1

I'm performing a simple test in excel using sample size $n=50$ and taking 1000 observations of an exponential distribution with $\lambda = 2$ and thus true mean is 0.5. I am using to generate each sample the following equation: $-\ln(rand())/2$

Computing a 95% confidence interval under t-distro, df=999 and $\alpha=0.025$ my t-value is 1.962, but the confidence intervals I generate all contain the true mean value of 0.50 instead of <95% of what I should be seeing given the skewed distribution.

The CI is being computed simply: mean(sample) +/- 1.962*(std deviation of the sample)

Any ideas why?

1 Answers1

0

I see three issues worth addressing.

  1. $n=50$ and “taking 1000 observations” are incompatible ideas. Do you have $50$ observations of $1000$? You will use this number is step 2...
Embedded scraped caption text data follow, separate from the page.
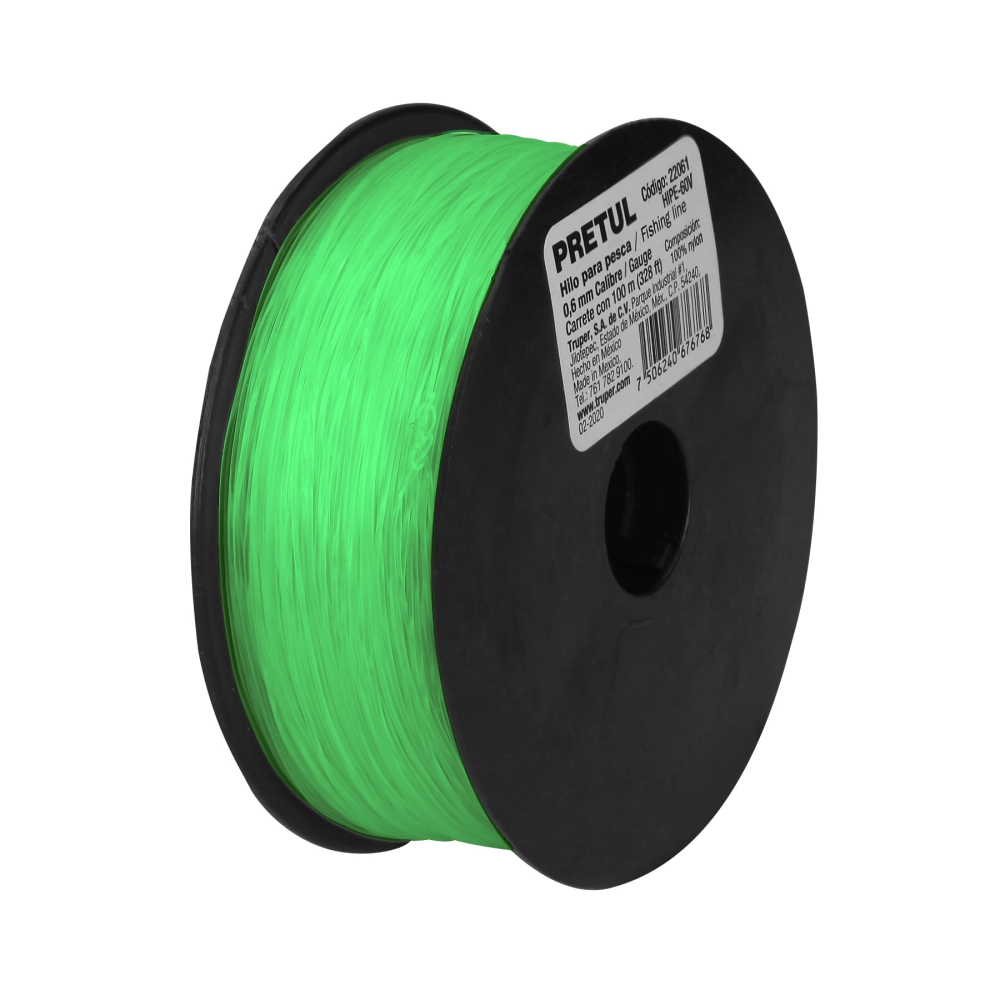 Carrete con 100 m de hilo para pesca verde calibre 0.60 mm HIPE-60V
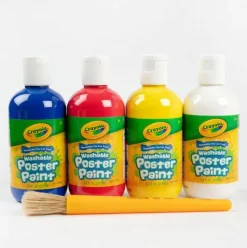Crayola Washable Poster Paint-A-Pack (White/Yellow/Red/Blue) Classic Colours + Brush Cheap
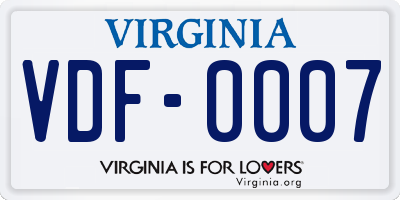 VA license plate VDF0007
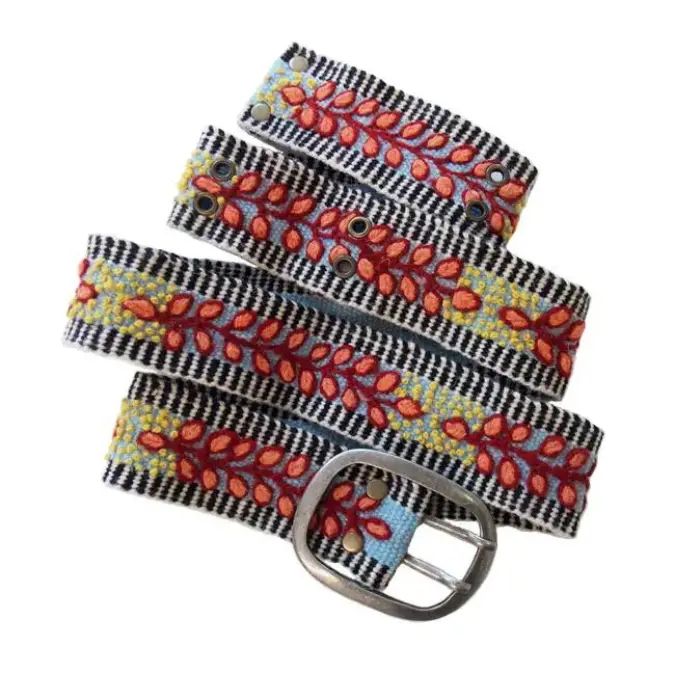 Growing Season Floral Embroidered Wool Belt 1
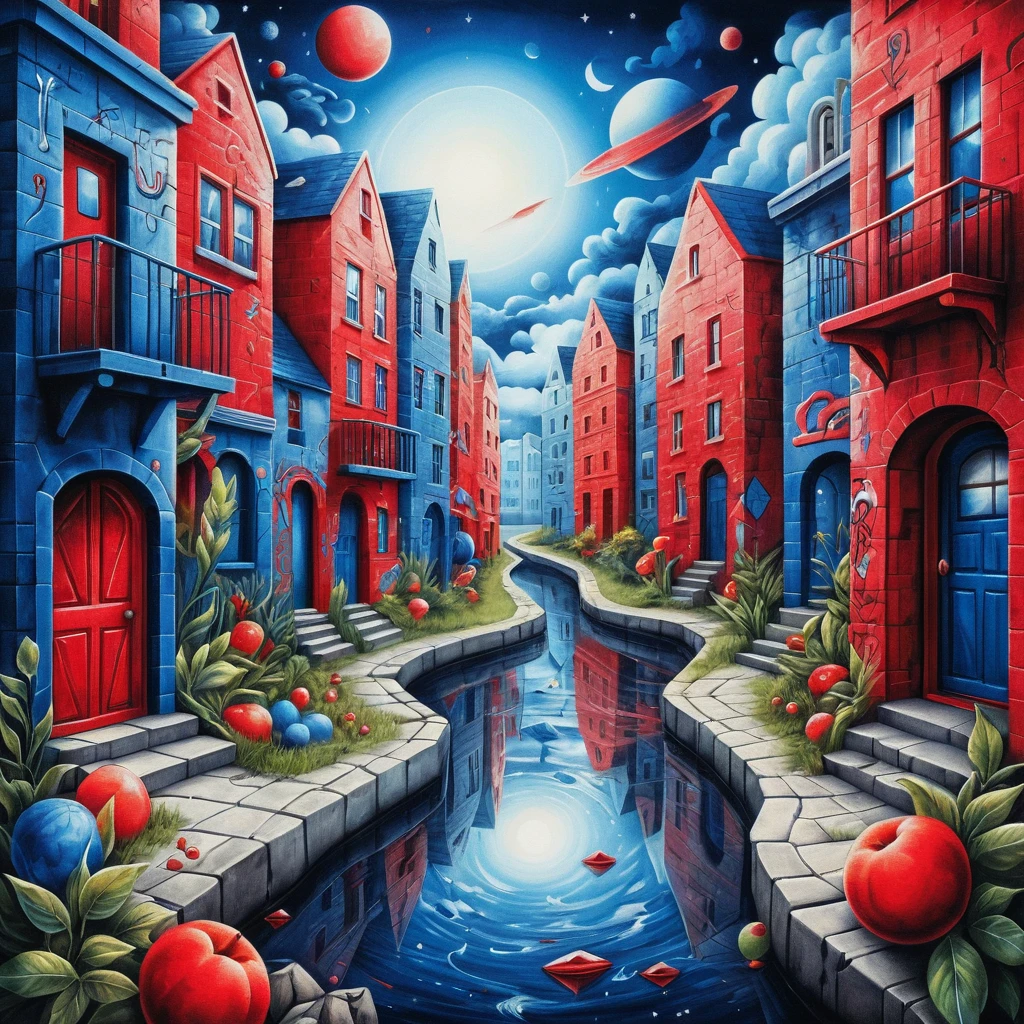 Mural de grafiti surrealista en vibrantes tonos de azul marino y rojo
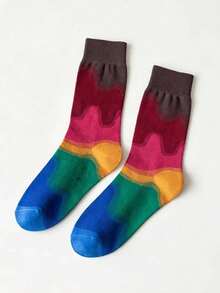 1-3 Pairs Contrast Color Artistic Mid-Calf Socks, Personalized Graffiti / Gradient Design, Versatile Retro Contrast Wave Pattern Mid-Calf Socks, Niche Design Colorful All-Season Socks, Casual Versatile Couple Style - Multicolor - View 14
(Do you mean that you do 1000 simulations of 50 draws from your exponential distribution?)

  1. You calculate the confidence interval using the standard error, which is related to the standard deviation but perhaps not enough to warrant such a similar name that confuses everyone who is learning statistics. There are other posts on here that discuss this in more detail, but you want to use $s/\sqrt{n}$, not just $s$. (This is the main point of my answer.)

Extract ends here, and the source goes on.